Conceptrol框架:提出了一个简单但有效的框架Conceptrol,用于增强zero-shot adapters的性能,而无需增加计算开销。
注意力机制优化:通过分析注意力机制,Conceptrol利用基础扩散模型中的特定注意力块来生成文本概念掩码,并将其应用于参考图像的注意力图中,从而更好地结合个性化内容和文本提示。
代码的设计:设计了一个新的processor
对于输入的图像特征,在图像的注意力结果之后,用一个mask对注意力的结果进行修改
这个mask是用对应概念的文本嵌入的QK注意力计算得到的(文本的QK计算得到的注意力概率)
维度是怎么对齐的呢?
1:4096:1 2:4096:320
采用广播机制,将第一个矩阵的维度进行扩充,然后相当于对每个像素点(4096)都乘以了一个数
特征图的可视化结果是对QK得到的注意力的结果,然后取特定的文本token所在的位置的注意力图,然后取均值。(4096*77)
二、项目部署
Conceptrol项目的github链接
需要下载的权重
这里跑的是sd1.5的
huggingface下载ipadapter的权重
然后下载一个SD1.5的模型权重就OK了
huggingfacesd1.5的模型权重
三、效果展示
3.1ipadapter plus sd1.5的效果
需要将图像编码器的路径改为自己下载放置的路径
from PIL import Image
import torch
from ip_adapter import ConceptrolIPAdapterPlus, IPAdapterPlus
from ip_adapter.custom_pipelines import StableDiffusionCustomPipeline
def image_grid(imgs, rows, cols, res=256):
assert len(imgs) == rows*cols
w, h = imgs[0].size
h_res = int(res * h / w)
grid = Image.new('RGB', size=(cols*res, rows*h_res))

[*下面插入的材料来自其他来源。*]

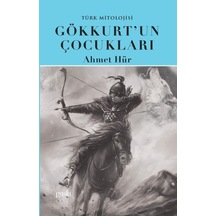 Gökkurt'un Çocukları - Yqbx-764122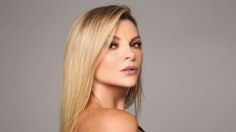 Descubre la verdadera razón por la que Marjorie de Sousa se separó de Julián Gil y no lo deja ver a su hijo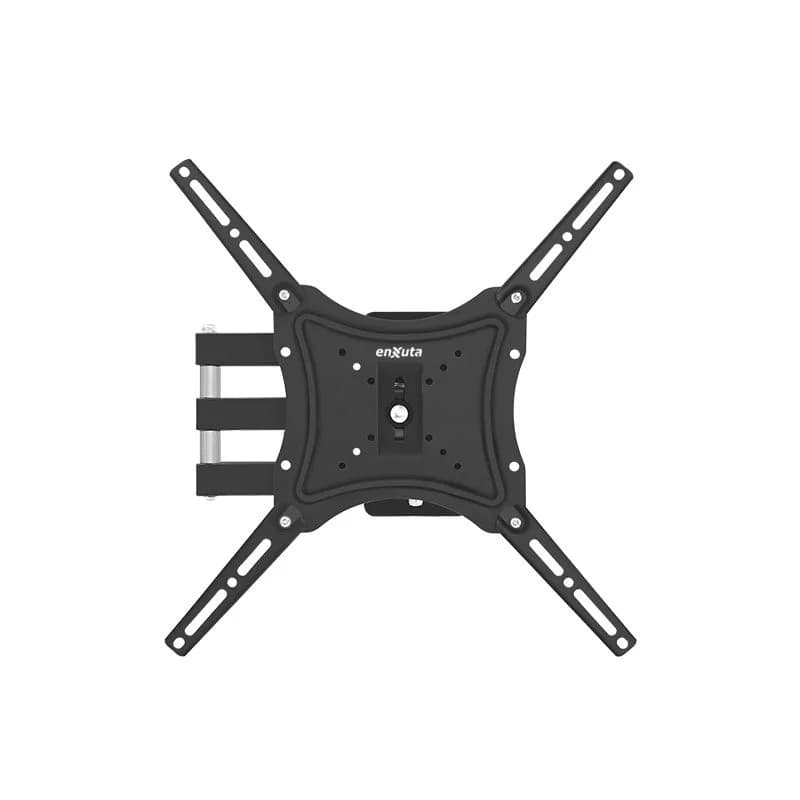Soporte Articulado de Pared para TV — imagen 3 de 6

for i, img in enumerate(imgs):
grid.paste(img.resize((res, h_res)), box=(i%cols*res, i//cols*h_res))
return grid
squirrel_image = Image.open("/media/dell/DATA/RK/ComfyUI/input/s0038____1108_01_query_1_img_000160_1683446137098_06380306087744766.jpeg.jpg")
food_image = Image.open("/media/dell/DATA/RK/ComfyUI/input/s0049____1110_01_query_0_img_000019_1684092427918_07281314802461102.jpg.jpg")
image_grid([squirrel_image, food_image], 1, 2)
image_grid([book_image, statue_image], 1, 2)
base_model_path = "/media/dell/DATA/RK/pretrained_model/stable-diffusion-v1-5"
ip_adapter_path = "/media/dell/DATA/RK/Conceptrol-main/ip-adapter-plus_sd15.safetensors"
image_encoder_path = "/media/dell/DATA/RK/Conceptrol-main/image_encoder"
device = "cuda"
pipe = StableDiffusionCustomPipeline.from_pretrained(
base_model_path,
torch_dtype=torch.float16,
feature_extractor=None,
safety_checker=None
)
ip_pipe = IPAdapterPlus(pipe, image_encoder_path, ip_adapter_path, device, num_tokens=16)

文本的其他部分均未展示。